Malcolm D. Lambert The Cathars (Peoples of Europe) 1st Edition (1998) amazon.com
p. 33
"...the great irony of these accusations is that again, much like the Gnostics, these groups tended on the whole to be anything but hedonistic or sexually indulgent; on the contrary, they were generally highly ascetic and even antisexual. ... held a strongly dualistic worldview that identified the material world and the body with the forces of darkness, condemning marriage and sex as unclean relations. ...condemned marriage, sexual intercourse, and procreation of children, which only perpetuate existence in this suffering physical realm.

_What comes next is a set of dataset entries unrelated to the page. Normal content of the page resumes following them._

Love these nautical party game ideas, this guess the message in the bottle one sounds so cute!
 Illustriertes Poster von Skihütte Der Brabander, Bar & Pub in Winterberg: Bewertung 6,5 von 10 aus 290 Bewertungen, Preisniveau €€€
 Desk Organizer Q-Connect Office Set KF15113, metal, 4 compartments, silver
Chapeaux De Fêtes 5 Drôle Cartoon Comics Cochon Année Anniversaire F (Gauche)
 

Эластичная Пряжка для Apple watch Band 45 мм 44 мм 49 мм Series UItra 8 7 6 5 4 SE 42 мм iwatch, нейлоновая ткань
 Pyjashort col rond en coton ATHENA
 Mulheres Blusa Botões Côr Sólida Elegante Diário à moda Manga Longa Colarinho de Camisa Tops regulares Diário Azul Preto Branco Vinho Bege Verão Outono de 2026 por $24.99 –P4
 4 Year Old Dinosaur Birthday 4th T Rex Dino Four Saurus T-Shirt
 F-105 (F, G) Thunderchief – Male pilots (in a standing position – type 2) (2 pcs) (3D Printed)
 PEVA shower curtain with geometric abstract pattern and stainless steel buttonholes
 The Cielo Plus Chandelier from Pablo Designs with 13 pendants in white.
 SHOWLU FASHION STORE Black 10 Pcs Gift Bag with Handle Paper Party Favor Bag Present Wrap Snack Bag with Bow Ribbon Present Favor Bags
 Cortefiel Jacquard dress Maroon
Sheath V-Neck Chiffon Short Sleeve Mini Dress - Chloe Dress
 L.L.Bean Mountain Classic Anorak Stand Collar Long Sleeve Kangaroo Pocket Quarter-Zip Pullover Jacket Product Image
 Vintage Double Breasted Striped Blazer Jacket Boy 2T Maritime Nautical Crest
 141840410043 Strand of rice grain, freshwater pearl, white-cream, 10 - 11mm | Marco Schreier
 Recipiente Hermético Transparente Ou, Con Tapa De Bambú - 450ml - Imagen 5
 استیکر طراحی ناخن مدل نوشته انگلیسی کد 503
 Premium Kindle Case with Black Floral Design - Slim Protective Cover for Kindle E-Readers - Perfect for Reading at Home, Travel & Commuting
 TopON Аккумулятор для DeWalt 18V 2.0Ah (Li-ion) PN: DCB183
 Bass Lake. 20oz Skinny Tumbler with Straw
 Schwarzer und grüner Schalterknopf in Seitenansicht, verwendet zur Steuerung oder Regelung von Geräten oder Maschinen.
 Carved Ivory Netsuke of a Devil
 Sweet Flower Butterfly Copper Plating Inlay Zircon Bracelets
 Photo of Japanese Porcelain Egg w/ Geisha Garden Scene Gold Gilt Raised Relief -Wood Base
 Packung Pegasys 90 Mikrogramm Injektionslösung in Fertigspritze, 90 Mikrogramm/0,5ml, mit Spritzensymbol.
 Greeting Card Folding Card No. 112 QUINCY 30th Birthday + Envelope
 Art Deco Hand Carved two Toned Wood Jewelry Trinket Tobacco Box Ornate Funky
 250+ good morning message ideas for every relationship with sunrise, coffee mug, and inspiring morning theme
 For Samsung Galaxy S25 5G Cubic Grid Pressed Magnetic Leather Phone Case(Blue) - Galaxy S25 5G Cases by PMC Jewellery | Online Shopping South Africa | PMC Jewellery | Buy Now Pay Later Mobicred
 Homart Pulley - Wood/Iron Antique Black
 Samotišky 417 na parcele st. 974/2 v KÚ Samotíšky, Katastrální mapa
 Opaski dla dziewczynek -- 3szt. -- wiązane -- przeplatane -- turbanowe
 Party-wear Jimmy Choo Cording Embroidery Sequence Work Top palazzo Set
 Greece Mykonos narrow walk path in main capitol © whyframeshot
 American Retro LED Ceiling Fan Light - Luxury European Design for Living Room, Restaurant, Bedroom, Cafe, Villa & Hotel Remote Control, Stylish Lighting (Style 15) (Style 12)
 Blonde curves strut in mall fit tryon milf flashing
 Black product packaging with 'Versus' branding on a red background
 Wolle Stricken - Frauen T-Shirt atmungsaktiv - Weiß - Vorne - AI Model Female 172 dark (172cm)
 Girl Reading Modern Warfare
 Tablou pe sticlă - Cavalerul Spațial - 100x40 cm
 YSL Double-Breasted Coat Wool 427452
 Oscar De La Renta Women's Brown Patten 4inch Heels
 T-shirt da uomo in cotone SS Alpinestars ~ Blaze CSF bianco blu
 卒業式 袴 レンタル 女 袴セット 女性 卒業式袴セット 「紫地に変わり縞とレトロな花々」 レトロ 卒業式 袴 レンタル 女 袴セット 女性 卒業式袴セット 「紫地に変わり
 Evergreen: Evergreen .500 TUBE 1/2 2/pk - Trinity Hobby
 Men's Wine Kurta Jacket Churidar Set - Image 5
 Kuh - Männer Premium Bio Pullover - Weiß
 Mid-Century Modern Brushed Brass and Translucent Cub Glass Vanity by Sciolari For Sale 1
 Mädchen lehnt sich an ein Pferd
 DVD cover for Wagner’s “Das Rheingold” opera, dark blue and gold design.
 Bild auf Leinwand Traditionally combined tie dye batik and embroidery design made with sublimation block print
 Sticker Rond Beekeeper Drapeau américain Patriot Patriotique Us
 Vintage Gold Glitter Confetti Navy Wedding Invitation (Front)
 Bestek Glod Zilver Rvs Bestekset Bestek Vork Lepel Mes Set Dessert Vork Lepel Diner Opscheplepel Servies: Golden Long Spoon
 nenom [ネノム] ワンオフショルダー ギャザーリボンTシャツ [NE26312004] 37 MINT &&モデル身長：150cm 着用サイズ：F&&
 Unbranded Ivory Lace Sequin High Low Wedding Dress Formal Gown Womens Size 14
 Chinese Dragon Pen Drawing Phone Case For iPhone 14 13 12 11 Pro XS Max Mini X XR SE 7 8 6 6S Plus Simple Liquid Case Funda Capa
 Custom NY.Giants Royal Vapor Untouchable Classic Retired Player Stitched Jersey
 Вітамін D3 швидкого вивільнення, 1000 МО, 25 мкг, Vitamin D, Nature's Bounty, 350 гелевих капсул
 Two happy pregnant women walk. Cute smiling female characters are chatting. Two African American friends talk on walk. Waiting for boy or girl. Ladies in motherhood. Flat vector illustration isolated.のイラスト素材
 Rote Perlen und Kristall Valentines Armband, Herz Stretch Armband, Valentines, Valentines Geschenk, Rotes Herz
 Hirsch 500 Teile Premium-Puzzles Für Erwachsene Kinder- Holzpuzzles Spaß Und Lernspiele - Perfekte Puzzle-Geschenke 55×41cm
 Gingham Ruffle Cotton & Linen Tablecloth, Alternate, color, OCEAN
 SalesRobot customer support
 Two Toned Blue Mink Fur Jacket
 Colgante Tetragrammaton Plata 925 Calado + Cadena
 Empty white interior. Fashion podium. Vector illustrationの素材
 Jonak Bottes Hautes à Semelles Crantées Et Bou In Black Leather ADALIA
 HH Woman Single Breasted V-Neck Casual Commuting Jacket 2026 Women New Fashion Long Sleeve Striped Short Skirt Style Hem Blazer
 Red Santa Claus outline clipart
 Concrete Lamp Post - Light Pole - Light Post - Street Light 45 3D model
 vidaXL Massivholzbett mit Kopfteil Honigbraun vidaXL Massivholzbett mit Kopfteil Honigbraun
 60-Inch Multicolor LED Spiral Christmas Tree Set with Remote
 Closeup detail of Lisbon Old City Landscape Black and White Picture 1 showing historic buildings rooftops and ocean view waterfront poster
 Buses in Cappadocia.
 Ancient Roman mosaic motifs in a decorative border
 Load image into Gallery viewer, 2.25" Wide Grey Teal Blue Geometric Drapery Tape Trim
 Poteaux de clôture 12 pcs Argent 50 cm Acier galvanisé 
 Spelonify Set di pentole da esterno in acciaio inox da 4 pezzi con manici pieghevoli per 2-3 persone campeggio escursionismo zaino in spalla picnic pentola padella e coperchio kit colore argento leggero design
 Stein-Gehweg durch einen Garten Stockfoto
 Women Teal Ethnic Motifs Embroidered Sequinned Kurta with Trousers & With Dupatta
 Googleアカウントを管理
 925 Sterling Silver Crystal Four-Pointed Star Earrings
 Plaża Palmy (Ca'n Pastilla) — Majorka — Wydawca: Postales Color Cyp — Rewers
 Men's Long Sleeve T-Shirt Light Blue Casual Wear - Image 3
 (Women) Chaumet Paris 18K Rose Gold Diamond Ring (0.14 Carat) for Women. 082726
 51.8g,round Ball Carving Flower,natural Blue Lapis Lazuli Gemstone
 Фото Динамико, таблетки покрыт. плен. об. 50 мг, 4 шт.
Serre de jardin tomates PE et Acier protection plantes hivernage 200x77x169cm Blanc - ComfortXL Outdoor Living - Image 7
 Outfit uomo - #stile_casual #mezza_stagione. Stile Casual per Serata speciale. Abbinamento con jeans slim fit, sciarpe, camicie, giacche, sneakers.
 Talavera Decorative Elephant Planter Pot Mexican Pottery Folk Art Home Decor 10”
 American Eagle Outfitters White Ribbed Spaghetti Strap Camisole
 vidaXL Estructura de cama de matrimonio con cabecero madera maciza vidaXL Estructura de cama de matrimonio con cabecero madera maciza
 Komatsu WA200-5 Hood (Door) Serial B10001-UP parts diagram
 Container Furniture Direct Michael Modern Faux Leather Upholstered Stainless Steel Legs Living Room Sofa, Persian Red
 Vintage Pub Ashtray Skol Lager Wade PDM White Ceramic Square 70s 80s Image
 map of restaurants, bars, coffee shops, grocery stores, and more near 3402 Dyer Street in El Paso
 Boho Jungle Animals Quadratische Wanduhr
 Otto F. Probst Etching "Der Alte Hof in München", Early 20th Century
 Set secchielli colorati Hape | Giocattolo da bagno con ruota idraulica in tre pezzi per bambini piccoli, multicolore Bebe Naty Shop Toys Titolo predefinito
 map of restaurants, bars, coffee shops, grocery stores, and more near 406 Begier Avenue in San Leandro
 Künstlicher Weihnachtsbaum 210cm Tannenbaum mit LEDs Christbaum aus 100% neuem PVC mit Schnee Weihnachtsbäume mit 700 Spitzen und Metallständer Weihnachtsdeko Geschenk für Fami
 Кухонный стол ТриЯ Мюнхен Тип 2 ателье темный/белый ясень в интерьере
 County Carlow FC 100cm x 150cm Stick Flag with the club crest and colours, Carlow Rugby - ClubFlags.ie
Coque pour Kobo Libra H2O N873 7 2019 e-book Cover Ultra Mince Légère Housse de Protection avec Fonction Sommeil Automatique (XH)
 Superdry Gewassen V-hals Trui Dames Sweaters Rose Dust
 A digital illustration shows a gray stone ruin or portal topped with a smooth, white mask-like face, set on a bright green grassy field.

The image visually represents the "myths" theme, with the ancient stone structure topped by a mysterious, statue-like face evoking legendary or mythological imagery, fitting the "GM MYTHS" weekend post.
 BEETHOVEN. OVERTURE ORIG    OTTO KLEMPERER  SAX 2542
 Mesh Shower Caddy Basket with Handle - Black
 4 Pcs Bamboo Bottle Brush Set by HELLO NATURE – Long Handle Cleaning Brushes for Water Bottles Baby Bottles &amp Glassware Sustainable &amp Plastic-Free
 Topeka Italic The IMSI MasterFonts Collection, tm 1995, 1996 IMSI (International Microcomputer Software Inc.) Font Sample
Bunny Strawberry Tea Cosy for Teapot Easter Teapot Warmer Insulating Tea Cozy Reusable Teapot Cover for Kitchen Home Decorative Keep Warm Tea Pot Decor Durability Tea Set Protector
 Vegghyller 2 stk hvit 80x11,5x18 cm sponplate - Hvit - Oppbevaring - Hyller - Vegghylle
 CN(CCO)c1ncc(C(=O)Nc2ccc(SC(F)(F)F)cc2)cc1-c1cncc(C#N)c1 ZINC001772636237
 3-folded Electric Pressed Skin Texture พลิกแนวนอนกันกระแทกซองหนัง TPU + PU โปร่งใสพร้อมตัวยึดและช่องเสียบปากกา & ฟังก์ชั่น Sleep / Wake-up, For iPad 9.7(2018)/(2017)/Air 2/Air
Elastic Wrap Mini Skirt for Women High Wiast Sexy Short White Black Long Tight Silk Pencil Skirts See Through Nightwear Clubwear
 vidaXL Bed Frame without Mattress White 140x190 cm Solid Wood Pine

Rejecting the authority of the Catholic Church as a corrupt and self-serving institution, the Cathars quickly drew a large following from a wide array of groups that had become disaffected with "the world, with its social organization (feudal society) and with its guide, the Church of Rome."
I had read once a book written by a guy who had traveled to Montségur, the final strong hold and martyrdom site of the Medieval Cathars. He asked one woman, "How many of the people here were Cathars?"
She replied, "We all were, and we still are."
Speaking of the Cathars and the related Bogomils
p. 34 "Perhaps the primary reason for the intense persecution of the Cathars, Bogomils, and other groups was simply that they represented a forceful and popular challenge to the existing structure of power. ...according to Cathar belief, human beings can become perfect and free themselves from the bonds of the material world by their own rational choice and free will, without need for external political or religious authority: "Capable of rational control, they can purify themselves of natter and again become perfect. Do they then need control by outside authorities?" Second and more important, however, the Cathars also subverted existing gender roles: a teaching common to virtually all Cathar texts is the condemnation of marriage and procreation. A woman's role as wife and mother has no value, since giving birth and nurturing children only perpetuates the evil of existence in the body. ... Both sexes could become perfects, preach and administer the sacrament."
"...the primary reason for the persecution of such groups was that they were attempting -- not unlike the early Christians under the Roman Empire -- to liberate themselves from the existing social structure by means of an alternative sexual politics. Yet ironically, they were refracted through the lens of the dominant religious and political order, the charge brought against them was precisely that of sexual liberation in the sense of illicit, immoral sexual relations."